A VFD can also be set to Two Speed Infinitely Variable, where the operator can set the travel speed to anywhere within the min and max settings.   VFD’s can also be programed to slow down or stop motion if a particular sensor or device sends a input signal, eliminating relays for small control schemes.  Similar to contactors, VFD’s are supplied with two control signals and come in an array of sizes and versions.  Both contactors and VFD’s are sized by the Horsepower (or Full Load Amps) of the motor(s) it drives.

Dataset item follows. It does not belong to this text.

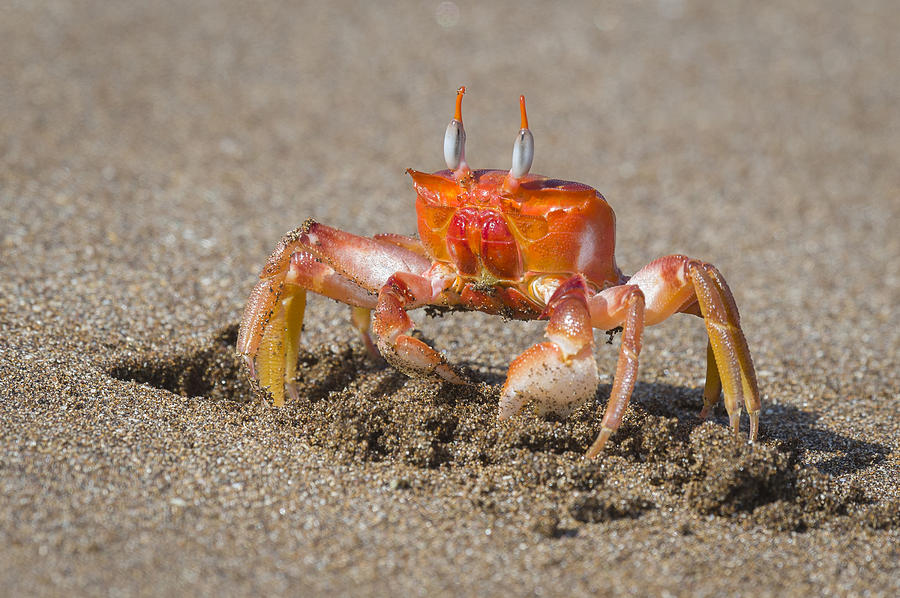 Ghost Crab On Beach Photograph by John Shaw - Fine Art America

Radio and Pendant Controls

Cranes and other overhead lifting devices typically use a pendant for inputting hoist, trolley, crane and any other controls into the system.  Pendants are typically mounted directly under the hoist via pendant cord & strain relief, so the pendant is always by the hoist hook.  This is generally the most economical and best way to mount a pendant, unless one is lifting large, long, or unusual loads.  If this is the case, a walk-away pendant is the better option.  Walk-away pendants are mounted on a separate festoon track along the length of the bridge.  This allows the pendant (and crane operator) at one end of the crane and the hoist hook to be on the other keeping the operator a safe distance from the load.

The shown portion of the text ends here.